Kala jalan kaki pagi beberapa hari lalu. Titik-titik air berjatuhan. Gerimis makin rapat. Mendung buyar menjelma hujan rintik-rintik.
Saya segera masuk ke sebuah bangunan. Berteduh dan duduk di bangku kayu.
Di hadapan tampak gerobak panjang. Tertata pentol, kikil, daging, mi kuning dan putih, irisan kubis, sawi (caisim), tauge, serta bahan-bahan lain pada kotak bersekat, berjendela, dan berpintu kaca.
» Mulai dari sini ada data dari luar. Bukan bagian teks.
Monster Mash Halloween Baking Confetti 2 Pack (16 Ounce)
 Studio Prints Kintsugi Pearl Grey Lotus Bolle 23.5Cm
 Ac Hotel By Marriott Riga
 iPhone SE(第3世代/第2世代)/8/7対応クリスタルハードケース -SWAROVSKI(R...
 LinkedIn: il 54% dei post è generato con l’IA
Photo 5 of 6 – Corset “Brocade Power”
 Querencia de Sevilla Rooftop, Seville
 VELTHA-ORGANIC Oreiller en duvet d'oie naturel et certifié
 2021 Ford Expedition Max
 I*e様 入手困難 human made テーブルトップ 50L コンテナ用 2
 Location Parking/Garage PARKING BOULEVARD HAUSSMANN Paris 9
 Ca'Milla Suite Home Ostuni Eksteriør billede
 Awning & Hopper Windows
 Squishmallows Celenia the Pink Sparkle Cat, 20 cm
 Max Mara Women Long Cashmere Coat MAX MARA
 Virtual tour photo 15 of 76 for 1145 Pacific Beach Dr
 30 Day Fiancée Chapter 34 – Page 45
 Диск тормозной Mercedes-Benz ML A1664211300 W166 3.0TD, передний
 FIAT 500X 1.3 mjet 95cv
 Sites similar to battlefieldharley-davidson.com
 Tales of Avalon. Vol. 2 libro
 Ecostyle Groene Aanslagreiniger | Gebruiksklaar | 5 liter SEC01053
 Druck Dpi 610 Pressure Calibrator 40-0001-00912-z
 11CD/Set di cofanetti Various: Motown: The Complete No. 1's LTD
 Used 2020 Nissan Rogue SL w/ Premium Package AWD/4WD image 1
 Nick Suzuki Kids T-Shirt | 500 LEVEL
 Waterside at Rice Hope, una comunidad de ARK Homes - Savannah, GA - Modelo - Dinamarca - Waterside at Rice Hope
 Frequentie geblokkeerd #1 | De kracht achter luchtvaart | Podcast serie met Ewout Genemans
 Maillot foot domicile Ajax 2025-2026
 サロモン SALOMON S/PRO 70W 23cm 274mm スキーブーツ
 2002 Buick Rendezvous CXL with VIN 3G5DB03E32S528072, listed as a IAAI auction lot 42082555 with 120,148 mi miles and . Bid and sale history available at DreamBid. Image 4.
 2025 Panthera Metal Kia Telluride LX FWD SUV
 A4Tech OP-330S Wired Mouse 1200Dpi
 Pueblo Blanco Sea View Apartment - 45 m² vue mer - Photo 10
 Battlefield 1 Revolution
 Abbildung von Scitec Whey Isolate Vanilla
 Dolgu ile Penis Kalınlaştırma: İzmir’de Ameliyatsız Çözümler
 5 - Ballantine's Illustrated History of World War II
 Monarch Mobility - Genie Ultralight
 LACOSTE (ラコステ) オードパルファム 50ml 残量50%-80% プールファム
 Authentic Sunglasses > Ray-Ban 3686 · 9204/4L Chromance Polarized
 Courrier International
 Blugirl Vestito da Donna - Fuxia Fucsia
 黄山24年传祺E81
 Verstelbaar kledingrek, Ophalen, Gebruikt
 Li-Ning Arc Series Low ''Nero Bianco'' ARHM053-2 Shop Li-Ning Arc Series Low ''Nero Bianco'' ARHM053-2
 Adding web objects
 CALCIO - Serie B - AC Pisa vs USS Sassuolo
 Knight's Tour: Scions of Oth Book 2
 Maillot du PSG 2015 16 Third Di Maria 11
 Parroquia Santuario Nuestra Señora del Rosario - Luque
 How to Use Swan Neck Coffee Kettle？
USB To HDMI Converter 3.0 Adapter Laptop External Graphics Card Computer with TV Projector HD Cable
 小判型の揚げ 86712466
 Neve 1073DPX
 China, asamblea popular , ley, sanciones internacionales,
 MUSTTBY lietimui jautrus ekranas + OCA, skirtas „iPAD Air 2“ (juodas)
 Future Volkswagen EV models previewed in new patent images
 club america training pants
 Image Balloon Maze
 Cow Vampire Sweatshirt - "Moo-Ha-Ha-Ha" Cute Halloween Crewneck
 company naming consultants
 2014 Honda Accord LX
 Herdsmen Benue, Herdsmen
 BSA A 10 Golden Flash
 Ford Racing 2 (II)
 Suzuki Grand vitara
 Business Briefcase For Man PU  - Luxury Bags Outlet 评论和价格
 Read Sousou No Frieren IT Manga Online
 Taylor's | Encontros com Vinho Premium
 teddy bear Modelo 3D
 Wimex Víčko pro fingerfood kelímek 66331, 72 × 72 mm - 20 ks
Di sebelah kiri tampak belanga mengepulkan uap kuah bakso. Di bagian kanan dandang berisi kaldu soto. Ternyata sebuah warung soto mi Bogor yang juga menjual bakso!
Pas banget. Pagi dingin cocok betul menyantap hidangan berkuah nan hangat. Berkecamuk pikiran, memesan atau tidak?
Riwayat kolesterol tinggi dalam tubuh berperang dengan rasa tidak enak berlama-lama di kedai tersebut. Sekalipun sekarang sudah normal, saya agak mengkhawatirkan kenaikan akibat mengonsumsi makanan mengandung lemak.
Kemudian rasa tidak enak hati yang bersekongkol dengan cuaca dingin menaklukkan kebimbangan.
Ketika keraguan sudah hilang, muncul percabangan dalam pikiran: pesan bakso atau soto mi?
Bakso? Terlalu mainstream. Memang sih, sesekali saya mencuri kesempatan makan bakso. Tidak sering, tetapi lumayan hafal tentang kelezatannya.
Soto mi? Saya menjajal soto mi Bogor hanya beberapa kali sebelum sakit. Itu pun jarang. Amat jarang.